# [Work item]
Leave every picture out. Set down all the lines below exactly.

# [Data extract]

┏━━

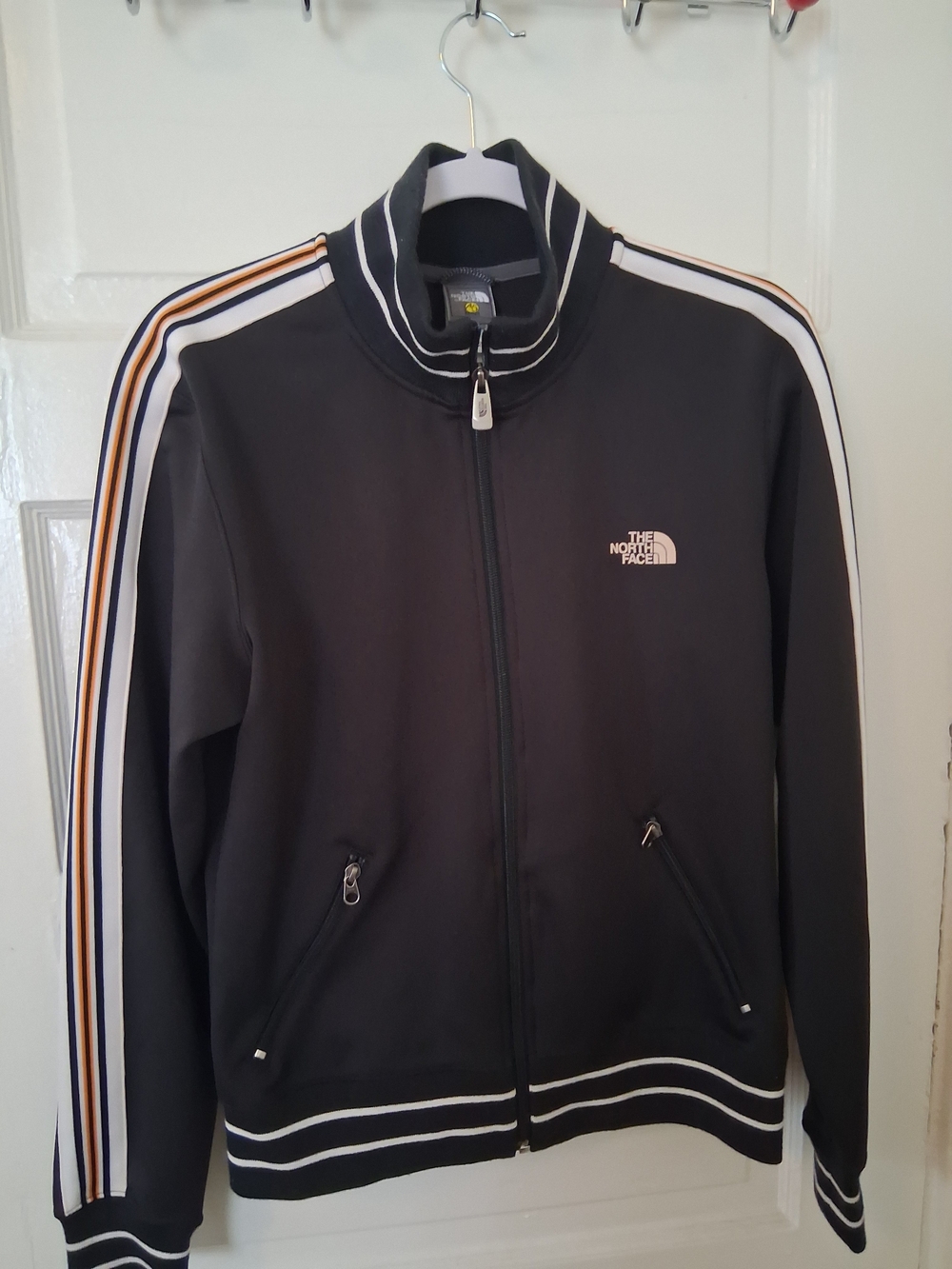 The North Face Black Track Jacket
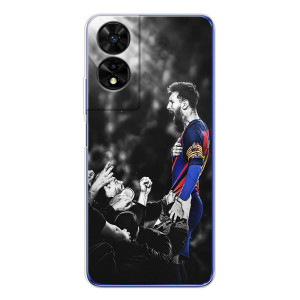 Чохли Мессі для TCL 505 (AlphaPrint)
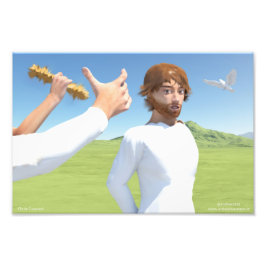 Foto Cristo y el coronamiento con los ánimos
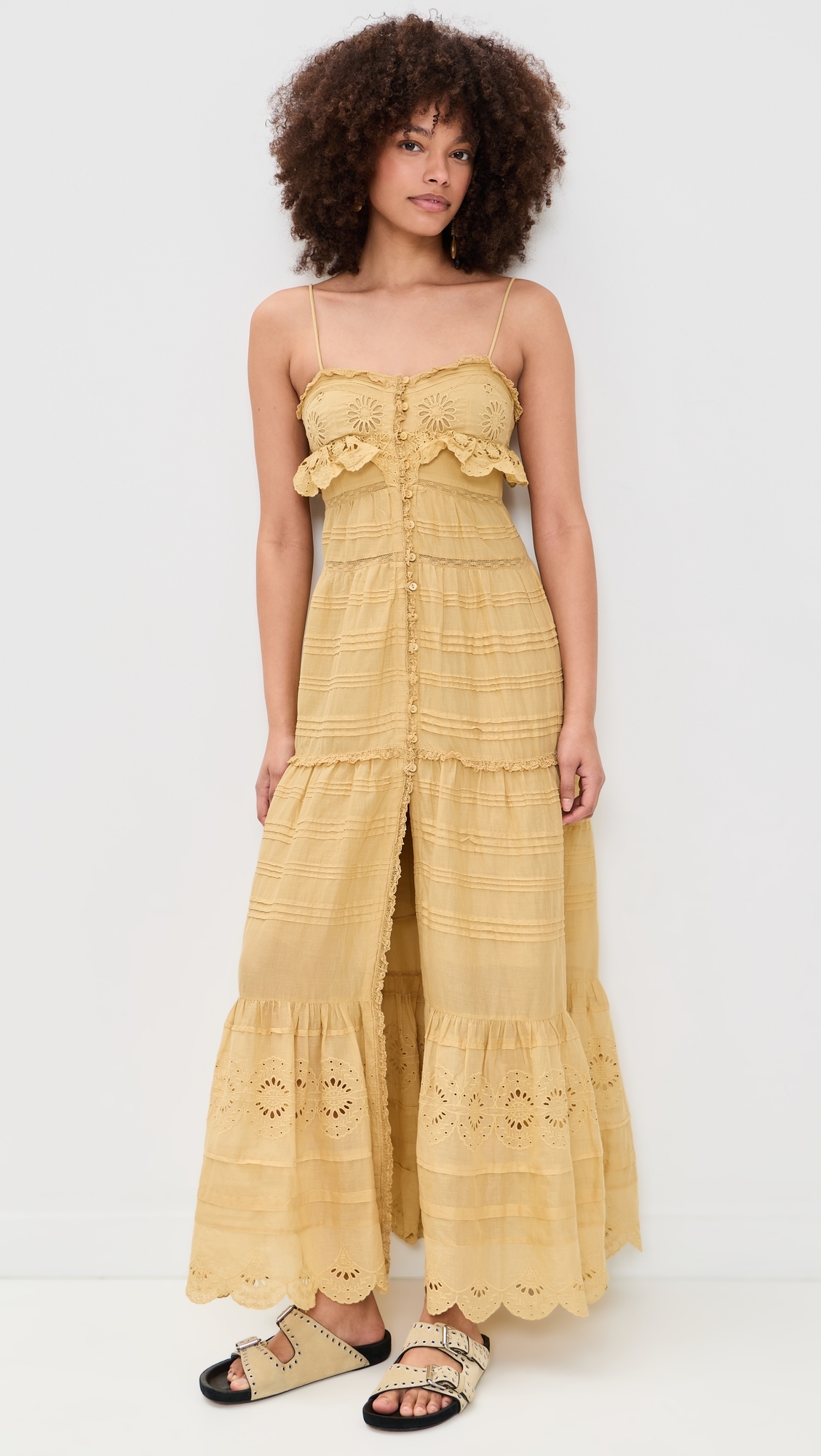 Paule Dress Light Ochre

┗━━

# [Result below]
 The North Face Black Track Jacket
 Чохли Мессі для TCL 505 (AlphaPrint)
 Foto Cristo y el coronamiento con los ánimos
 Paule Dress Light Ochre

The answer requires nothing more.